Electric cars are all the rage.  But overall they are still selling in small numbers except in the case of Lexus (plus mother corporation Toyota) and their hybrid range. 

Lexus, from Japan, enjoyed record UK sales in 2019 – 15,126 vehicles, 70% of which were hybrid SUVs, the highest ever sales tally for the luxury hybrid leader – with a 58% sales increase in these semi off-the-road vehicles over the previous year.  The description ‘utility’ actually fits except that Lexus is very much into the luxury end of the market.  It certainly is not a utility vehicle with the generally accepted meaning of the word.

BTN editor in chief Malcolm Ginsberg is an electric car fan but a flat dweller.  For him the current hybrids are the perfect solution, no charging requirement, emission friendly and literally ‘less taxing’.  In Harrow, London, if you register your car, street parking charges are cancelled.  But you still need to obey the local time zones.
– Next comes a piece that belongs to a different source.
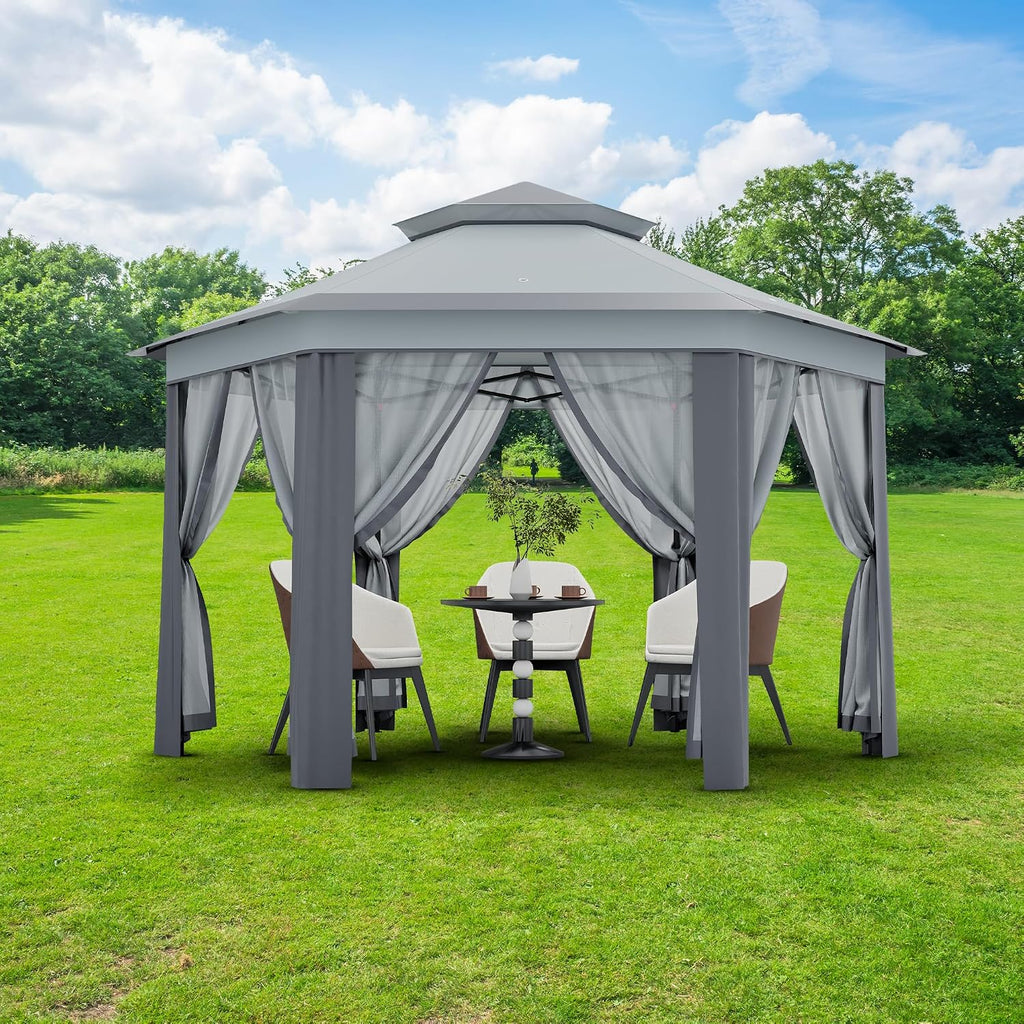 13x13ft Canopy Tent Instant Hexagonal One Push Setup Tent Outdoor Gazebo with Mosquito Netting, Strong Steel Frame for Patio, Backyard, Garden, Parties, Pool-Gray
Lexus introduced its first hybrid in 2005 a sensational integration of a regular petrol engine and a long-life battery.  The test car, the new UX SUV represents the fourth generation of the self-charging power train and also launches what is termed the Lexus Global Architecture – Compact (GA-C) platform.  Most of the numerous innovations are unseen but add up to a safer, lighter and more efficient vehicle.  Typically, the Pre-Collision System (PCS) uses camera-based detection to recognize pedestrians in low light, and its radar capability enables detection of cyclists during the day.  Sad to say the pedal pushing fraternity as a breed seem to stick to their own rules and the quicker they are licensed the better with compulsory insurance introduced.

The Japanese company, with its huge Toyota production unit just outside Derby, have high hopes for the UX, its bigger brother, the NX, Lexus biggest selling car in the UK.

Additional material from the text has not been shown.